改造人間

今日、初めてMRIを受けた。
腰痛が酷くて、精密検査するためだ。

機械にベルトで固定され、手にはブザーを持たされた。「検査中、気分が悪くなったら押してください。一度中断しますから」と言われ、機械の中に入れられた。

正直、とても怖かった。台に固定された人間を改造する、みたいなシーンは映画でよく見るが、まさか現実で自分が改造される日が来るとは思ってもいなかった。

スパイダーマンに出てくる悪役のドクターオクトパスのように背中から配線が出ている改造人間か、トランスフォーマーみたいに形が変わる車に変えられるのか。はたまた脳みそだけ別の器で生きてる的な、よくアニメで見かけるコミカルなやつか。

考えれば考えるほど、怖くなったし、優しそうな検査技師がサイコパスな博士に見えてきたから、考えるのをやめようとしたが、恐怖を目の前にして人間は思考を止めることはできないのだろう、無理だった。

「検査中、大きな音がします。怖がらなくて大丈夫です」と、博士は最後の言葉を言い放ち、安全な別室へと移動した。

ブォンブォンブォンブォン、ブーーーーーブーーーーー、カチカチカチッ。

大きな音が鳴る。
「目は開けていても、閉じていても大丈夫です」と言われたが、改造されている最中の自分を受け入れられない、と思いずっと目を閉じていた。

ブォンブォンブォンブォン、ブーーーーーブーーーーー、カチカチカチッ。

大きな音と、改造人間にされているという恐怖で気分が悪くなったし、脳裏では、楳図和夫描くおさげ髪の女の子がギャーーーッとずっと叫んでいる。

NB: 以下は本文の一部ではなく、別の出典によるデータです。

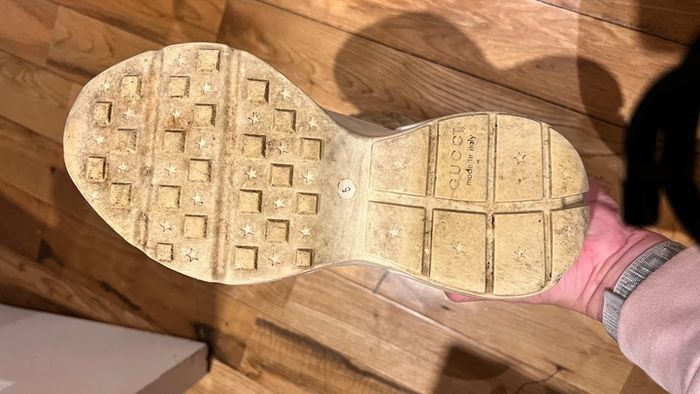 Gucci Rhyton sneaker with Gucci logo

頭の中はパニックのカーニバル状態だ。

本当はブザーを押して一回検査を止めてもらいたかったが、検査室入札前に、閉所や暗いところが苦手ではないですか。と聞かれ、大丈夫です。と答えてしまった手前、途中で怖くなったことを伝え辛かった。

博士は、私の人見知りの性質を熟知した上で、事前にそういうことを確認したのだろう。入念な準備には脱帽だが、なんてサイコパス野郎なんだ。凶暴な改造人間になったら、真っ先に食べてやるからな、とだんだんイライラしてきた。

ブォンブォンブォンブォン、ブーーーーーブーーーーー、カチカチカチッ。

一定のリズムと、同じことをぐるぐる考えているからか、だんだんと眠くなってきた。

ブォンブォンブォンブォン、ブーーーーーブーーーーー、カチカチカチッ。

ブォンブォンブォンブォン、ブーーーーーブーーーーー、カチカチカチッ。

自然と恐怖は体から抜けていた。きっと、もうすぐ改造が終わるのだろう。目を覚ましたら、どんな姿になっているのか、想像はつかないが、どんな姿でも受け入れられる気がした。

ガチャ

部屋の扉が開く音がして「検査が終わりましたので、ベッド動かしますね」博士は優しく台を動かし、素早く機械から私を解放した。

「以上になりますので、お忘れ物ないよう別室でお待ちください」

優しい声だった。きっと思うように改造がうまくいったのだろう。不思議と凶暴な感情は芽生えなかったので、対戦闘ロボット用ではなく、花に水をあげるような実用的なロボットになったのだと思う。

腰痛の原因も椎間板ヘルニアだということがわかって、一件落着。改造人間なってしまったが、凶暴でなくてよかった。優しい気持ちで家に帰って、我に返った。

何かの拍子で対戦闘ロボットになるのかもしれない。

私の大好きなエージェントウルトラという映画で、普通の生活を送っていたジェシー・アイゼンバーグが戦闘用改造人間にされていたことを何かの拍子でその事を思い出し、最強兵器に戻る。ということがあった。

私もその可能性がある。
そうしたら、真相を博士に聞きに行かなければならない。そう考えると、またソワソワしてきた。

私の改造人間物語は、まだまだ始まったばかりだ。